- Input data -
================================

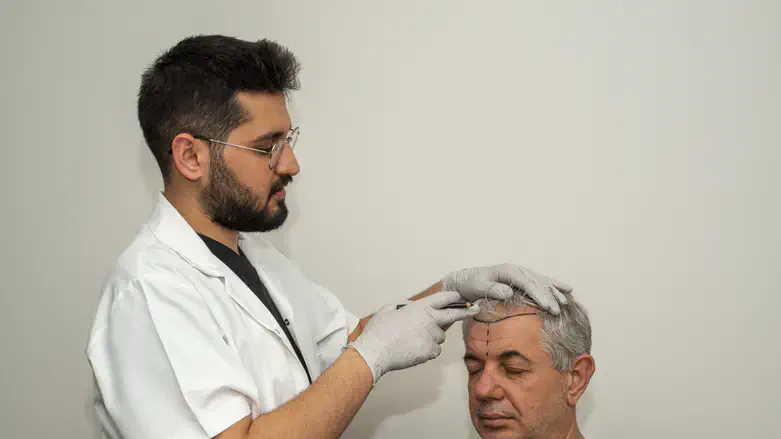 Hair Transplant Clinics in Turkey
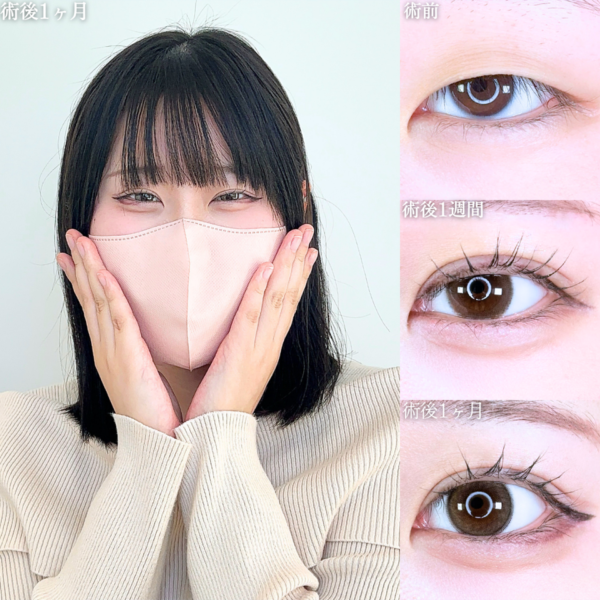 No.11669の症例写真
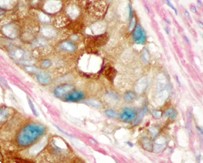 Neolink triple stain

================================

- What the exercise asks -
The lines above must be transcribed exactly, with every picture left out.

- Solution to the exercise -
 Hair Transplant Clinics in Turkey
 No.11669の症例写真
 Neolink triple stain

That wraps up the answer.